This is the code for artificial neural networks training by Raymond Xu.

 In this edition, the longitude and latitude of the original wildfire dataset is used as inputs.

 Here the temporal sequence is not considered in the data splitting.


In [None]:
''' This is Research Project titled ML Algorithms for Alberta Forest Occurence Prediction.
    This is the 8th Engineering Research Project, and is hereby delcared as

                            Project Christopher

    Version 1.0 - Artificial Neural Network
    Data Source: European Space Agency - ERA5
                 Government of Alberta - Historical Wildfire registry and Fire Weather Indices
                 Natural Resources Canada - Vegetation Classification of Canada

    AI Diederik - Hongik Ingan, For the Benefits of All Mankind
'''

import math
import numpy as np
import pandas as pd
from math import floor
from tensorflow import keras
from keras.models import Sequential
from keras.layers import LSTM,Dense
from sklearn import set_config
from sklearn.pipeline import Pipeline, FeatureUnion, make_pipeline
from sklearn.compose import ColumnTransformer
from sklearn.preprocessing import FunctionTransformer, StandardScaler, OneHotEncoder,LabelEncoder
set_config(transform_output = "pandas")

In [None]:

# Load wildfire and non-wildfire datasets
main_df = pd.read_csv("G:/Shared drives/MECE 788 - Forest Fire Prediction/04_Preprocessing/Cleanup_and_point_selection/downsampled_df.csv",index_col=0)
#main_df = pd.read_csv('downsampled_df.csv')
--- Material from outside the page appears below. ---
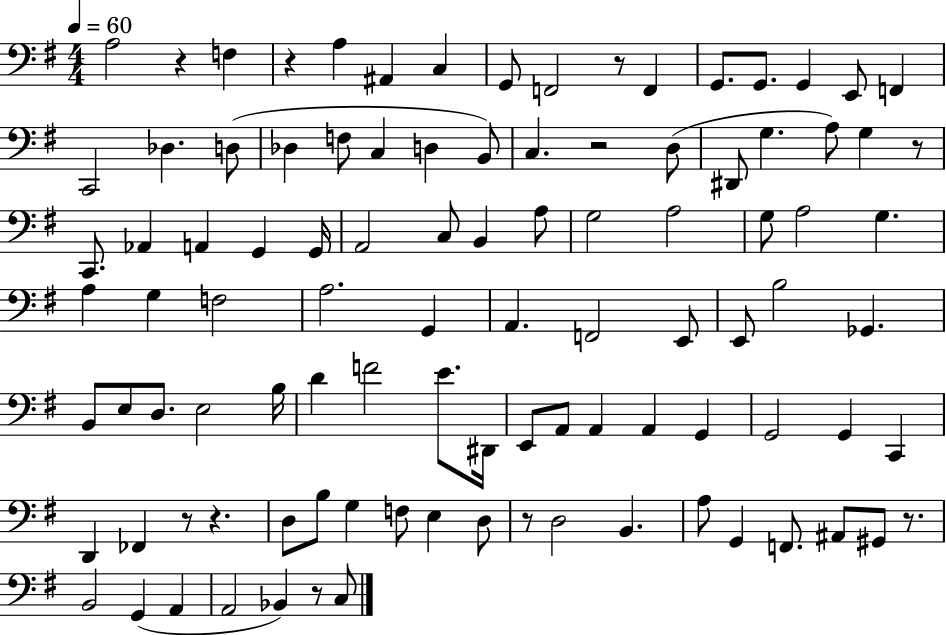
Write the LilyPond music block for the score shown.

# Remove the first unnamed column
wf_df=main_df[main_df['fire']==1]
nwf_df=main_df[main_df['fire']==0]


Proceed splitting the data

In [None]:

# Load wildfire and non-wildfire datasets
#main_df = pd.read_csv("G:/Shared drives/MECE 788 - Forest Fire Prediction/04_Preprocessing/Cleanup_and_point_selection/downsampled_df.csv",index_col=0)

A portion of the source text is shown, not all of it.